Developing this library taught me that, as Clauswitz observed about war, when displaying maps, everything is very simple, but the simplest thing is difficult. To make it easier to understand how the library works it pays to define some commonly-used terms.
- Map Tiles
- Static vs Tiled Services
- Heading
- Map Scale
- Bounding Box
- Wraparound
- Coordinate Systems
- Projection
All the map services I'm familiar with store their imagery in the form of map tiles. These are square images (of an overall square map) which, because they are pre-calculated and stored, can be served very quickly.
Just because they're pre-calculated doesn't mean they don't change. In fact, the map tiles seem to get updated surprisingly frequently, which has implications for how long you should cache them.
Also, just because a service is based on map tiles doesn't mean that what it returns are map tiles. Of the four services I'm familiar with (and which the library was built to support), three of them return tiles but one of them does not. The "outlier" is Google Maps, which returns a single image for every map request, apparently stitching together and cropping the underlying tiles.
Because it always and only returns a single image, Google Maps is what I call a static service (in fact, I got that name from their own API, which is called the Maps Static API). The other services, which return map tiles, I call tiled services.
The tile services use different approaches for identifying the tile you want. Bing Maps uses something called a quadkey, which has some interesting properties and which you can learn more about here. Open Street Maps and Open Topo Maps identify tiles by their horizontal and vertical coordinates, which start at 0, 0 in the upper left corner.
One of the many head-scratching problems I had to solve involves the multiple coordinate systems used at various points in the retrieval and display process. Here's a picture illustrating some of the complexity:
The green area is what we want to display. It's rotated because the heading, the angle betweeen true north and the vector perpendicular to the top of the green area, isn't zero (it's rotated slightly counter-clockwise in this example).

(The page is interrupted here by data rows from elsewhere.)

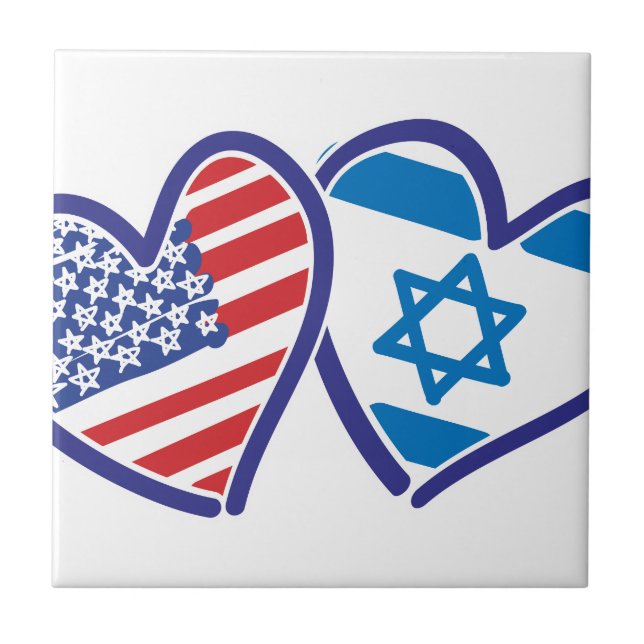 USA Israel Heart Flag Tile (Front)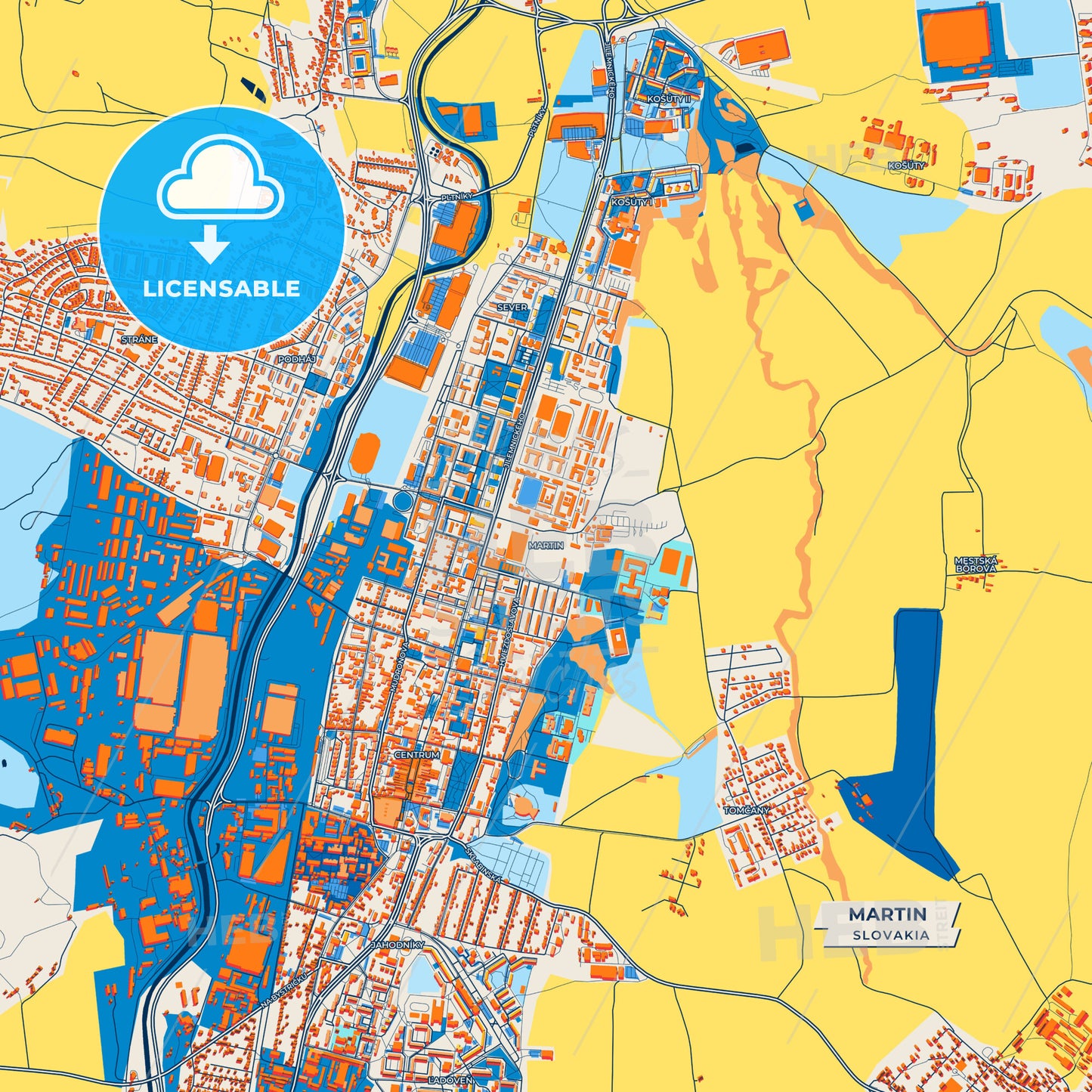 Canvas Print Template of Martin Street Map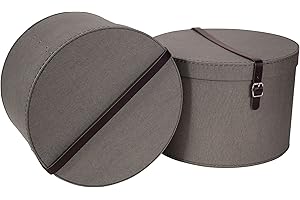 Bigso Box of Sweden 5482C6449LEA000 Lot de 2 Boîtes de Rangement Rond Panneau de Fibre Gris 37,5 x 37,5 x 23,5 cm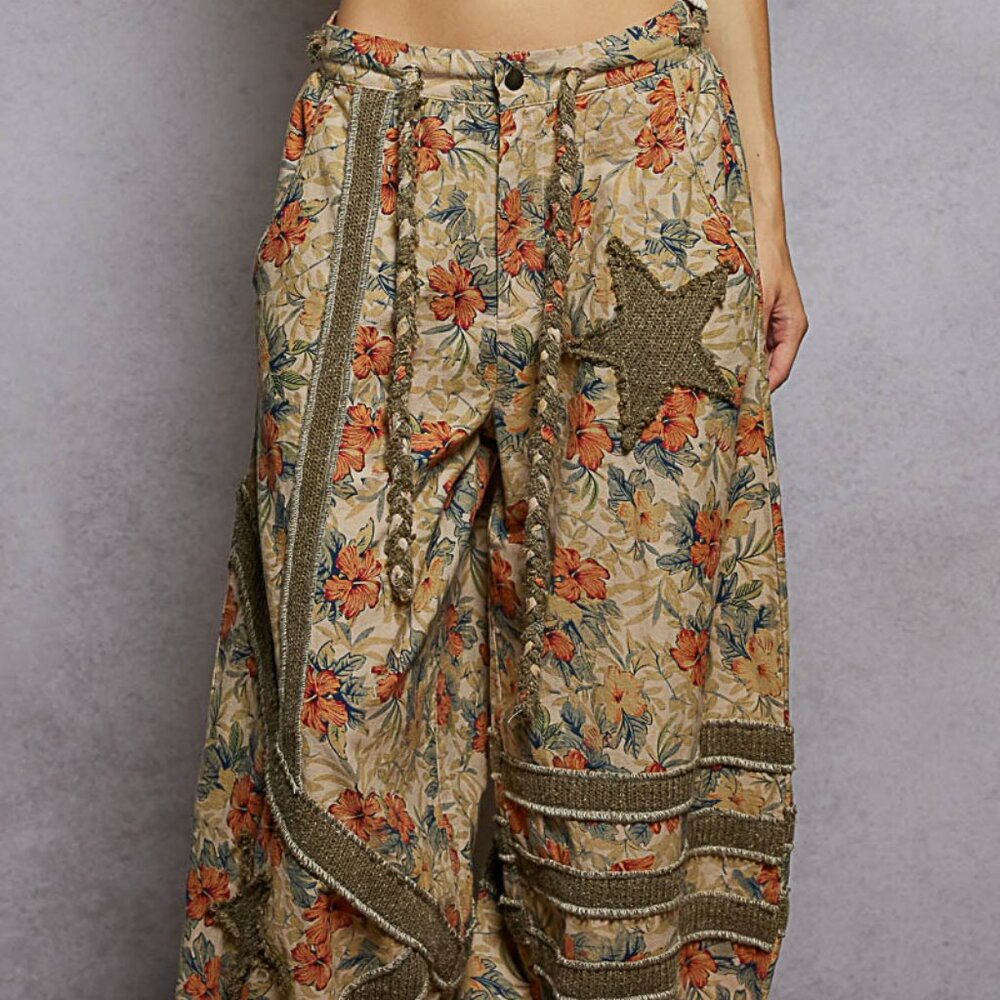 POL Floral Wide-Leg Pants with Star Patch - Picture 1 of 5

The map tiles are defined by the black grid superimposed on the world map. The number of tiles horizontally always equals the number of tiles vertically -- the grid is a square -- and the number of tiles in either dimension is always a power of 2: 1, 2, 4, 8, etc. The scale of a map is the base-2 logarithm of the number of tiles:
Scale | Number of Tiles |
---|---|
0 | 1 |
1 | 2 |
2 | 4 |
... | ... |
15 | 32,768 |
18 | 262,144 |
... | ... |
Most services have a minimum scale of 0. However, Bing Maps' minimum scale is 1; the smallest Bing Maps grid has four map tiles.
Each service has a different maximum scale, and some have maximums that are limited based on the area of the map, your account, etc.
Because the area we want to display has a non-zero heading, the area of tiles we need to retrieve to display the entire region is bigger than the area we're going to display.
Calculating precisely which tiles to retrieve to cover the rotated display area seemed to me like a pain in the ass, so the library simply calculates the bounding box which contains the rotated display region and retrieves all the tiles within it.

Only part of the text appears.